Scary But True

Kathy Kelly examines the past through the lens of the paranormal.

Three years had passed since Kathy Kelly first opened Paranormal Books & Curiosities in Asbury Park, New Jersey, when she stumbled upon something extremely offensive in the summer of 2011.

To be sure, the shop was doing very well. Drafting off the burgeoning revival of the formerly beleaguered shore town, Kelly had managed to coalesce her lifelong passion for folklore and paranormal phenomena into an experience that catered to a diverse demographic that included die-hard believers, incredulous skeptics, and everyone in between. Not only did she specialize in selling an extremely varied collection of more than 4,000 books concerning all manner of supernatural experiences, but she also curated a second-story Paranormal Museum comprising dozens of haunted and historic artifacts from around the world, and hosted regular ghost tours of downtown Asbury and its storied boardwalk.

“Asbury Park was just such a unique place back then. Such a Wild West of a town,” recalls Kelly from the cozy confines of her dimly lit shop on Cookman Avenue, which feels like an ancient, whimsical village library from a fantasy novel. “If I hadn’t stumbled upon Asbury Park at the time, I don’t know that I would have been inspired to open this anywhere else. Because back then, you could still see all of Asbury Park’s scars, and no one thought twice about a paranormal shop opening downtown.”

Life, in short, was good. But then Kelly came across an article written by someone from the Monmouth County Historical Society wherein the author claimed ghost tours were “the prostitution of history.” And that was something Kelly simply could not abide.

“I was just so offended by that,” says Kelly, leaning into the sentiment with signature animation and impassioned articulation. “Look, I don’t care if you’re a believer or not. That isn’t the point. Ghost tours are storytelling tours where you are trying to inspire people to think beyond dates and facts and this notion that history is some kind of linear movement through time—because it’s not. I thought they were a good thing, and that’s what made the article so profoundly insulting.”

Missy the doll is one of the more popular artifacts in Kelly’s museum. “She giggles and moves and is known to scare the daylights out of people,” says Kelly.

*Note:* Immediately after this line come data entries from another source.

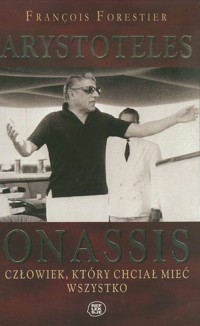 Arystoteles Onassis. Człowiek, który chciał mieć wszystko - François Forestier - ebook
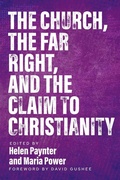 Cover: The Church, The Far Right, and The Claim to Christianity - SCM Press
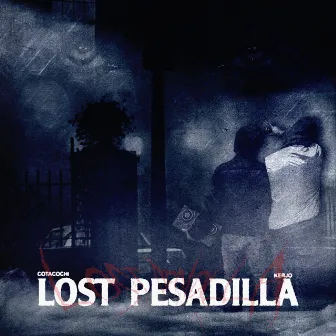 Lost pesadilla by Cotacochi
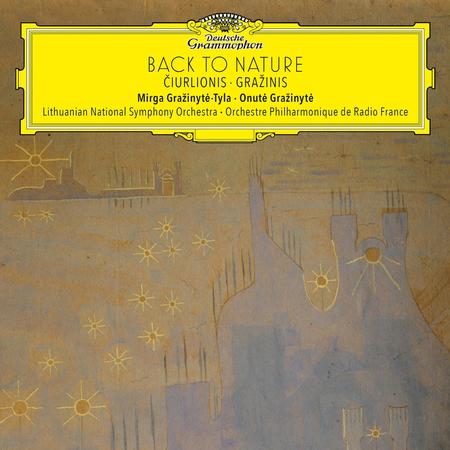 Mirga Grazinyte-Tyla/Onute Grazinyte - Back to Nature: Ciurlionis & Grazinis - LP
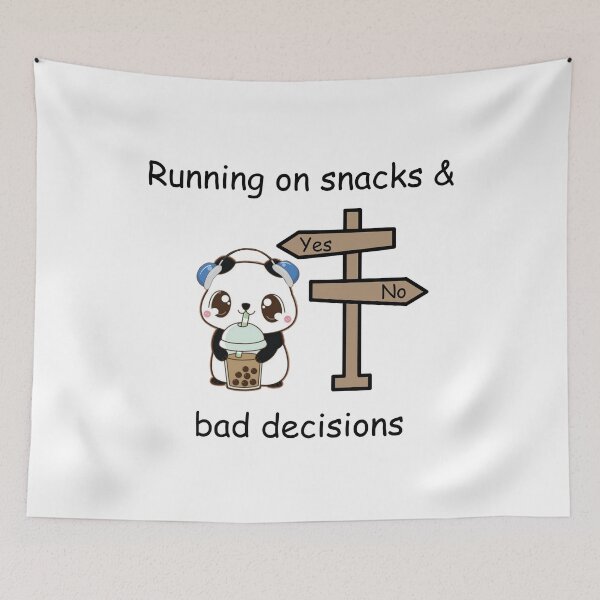 Item preview, Running on Snacks and Bad Decisions Kawaii Panda  designed and sold by Rehnair.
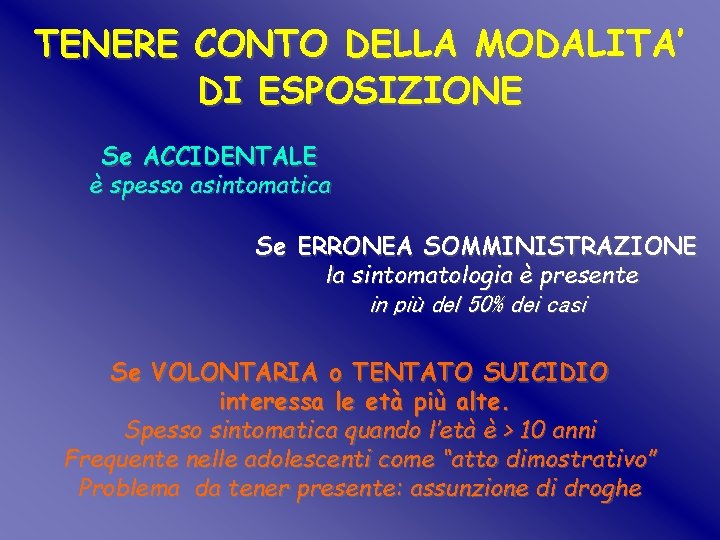 TENERE CONTO DELLA MODALITA’ DI ESPOSIZIONE Se ACCIDENTALE è spesso asintomatica Se ERRONEA SOMMINISTRAZIONE TENERE CONTO DELLA MODALITA’ DI ESPOSIZIONE Se ACCIDENTALE è spesso asintomatica Se ERRONEA SOMMINISTRAZIONE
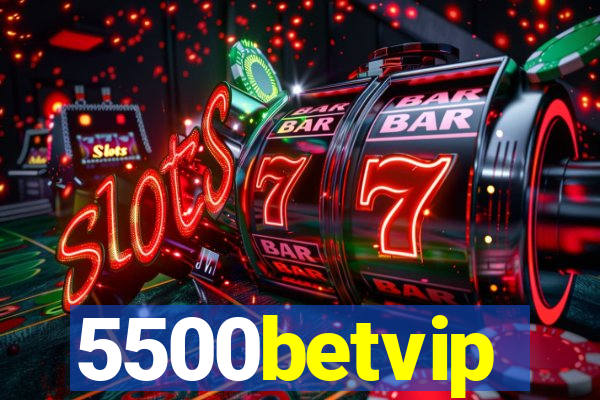 5500betvip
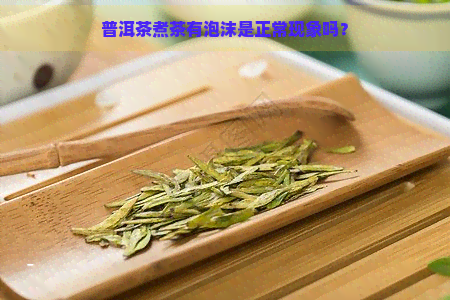 普洱茶煮茶有泡沫是正常现象吗？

And in the context of Kelly’s ethos as a lifelong student of paranormal history, her ire makes perfect sense. As one who admittedly “sits more closely with the skeptics than the believers,” Kelly has never been interested in professing or proselytizing a belief in the supernatural. Sure, she’s been aesthetically drawn to hauntings, Gothic literature, ghost stories, and paranormal artifacts for as long as she can remember, but her fascination with these things is less about reaching beyond the veil of the physical world and more about exploring the uncanny and unexplained in an effort to better understand this strange, shared aspect of our humanity.

“Ultimately, I always saw myself as an historian. A folklorist. It’s just another facet through which we can look at history,” says Kelly. “It’s no different than the way you might look at art or religious or military history. It’s just one more way that people link different times together.”

And Kelly opened her shop and museum as an attempt to share that philosophy with the rest of the world. So when she stumbled upon the disparaging quote about ghost tours, she immediately took action and enrolled as a graduate student in Monmouth University’s history department in 2013, eventually earning her master’s in 2017.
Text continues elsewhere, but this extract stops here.